A multiplicidade de decisões jurisdicionais que, num dado caso concreto e individual, deferem pedido popular razoável – muitas das vezes, e cada vez mais acentuadamente, postulados pelas Defensorias Públicas, em sua missão institucional de assistir juridicamente aos necessitados – diante da irrazoabilidade da insatisfação de certo direito social, há de ser seriamente considerada como um fator, um dado, um elemento empírico (micro-justiça) importante para a elaboração de políticas públicas apropriadas, ou, melhor, para que se imprima e conjugue os princípios da eficiência e da moralidade administrativas quando da alocação dos recursos (gastos) públicos, como um todo, e não apenas daqueles que já foram destinados à satisfação de específico bem ou direito fundamental social; além de impor, inafastavelmente, à eventual culpa lato sensu do agente público responsável a necessária sanção indenizatória reflexa, sem prejuízo das prescrições aflitivas doutras searas do Direito.

Diz-se justiciável o predicado de um direito que se possa fazer valer por meio de uma ação judicial. É o ápice da proteção jurídica que tem início com a positivação, reforça-se com o preenchimento de normatividade até este poder de por a função jurisdicional a serviço da satisfação de uma posição juridicamente tutelada, quando se está diante da ameaça ou já propriamente da conduta, comissiva ou omissiva, a ela oposta.

Essa potencialidade judicializante sempre foi tida pela teoria do Direito de matriz positivista como integrativa do conceito de direito subjetivo.[78] Por essa razão, Kelsen afirma que “uma pretensão a ser sustentada num ato jurídico apenas existe quando o não-cumprimento do dever se possa fazer valer através de uma ação judicial”.[79]

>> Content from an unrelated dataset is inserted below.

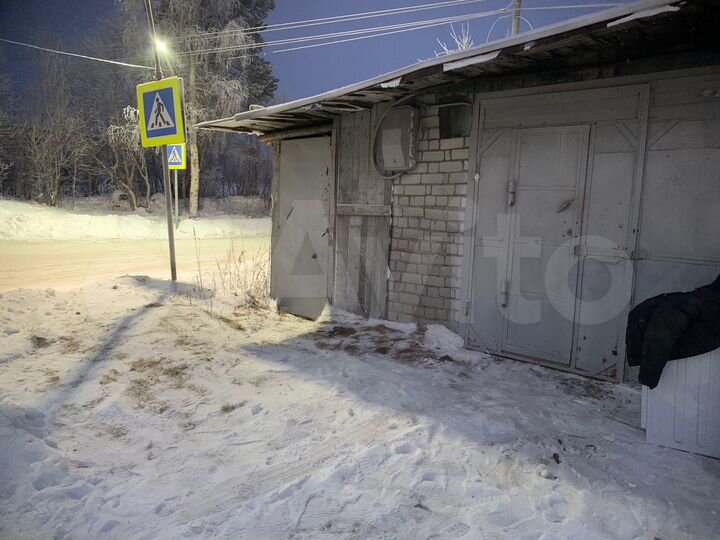 Гараж, > 30 м²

Tal como o dever e o direito correlato, tal como a relação jurídica e o direito subjetivo, esse poder somente poderia advir do ordenamento jurídico. Assim, se todos os ingredientes que resultam na eficácia jurídica estiverem suficientemente descritos e positivados, estabelecendo um dever a ser cumprido por quem relacionalmente vinculado e obrigado, esta conduta normativamente prescrita e esperada, mas socialmente frustrada, ou o resultado prático equivalente ou, ainda, em se ultimando a sua impossibilidade, a indenizabilidade[80], pode ser objeto de execução estatal forçada, mediante pedido deduzido por meio de competente ação judicial[81].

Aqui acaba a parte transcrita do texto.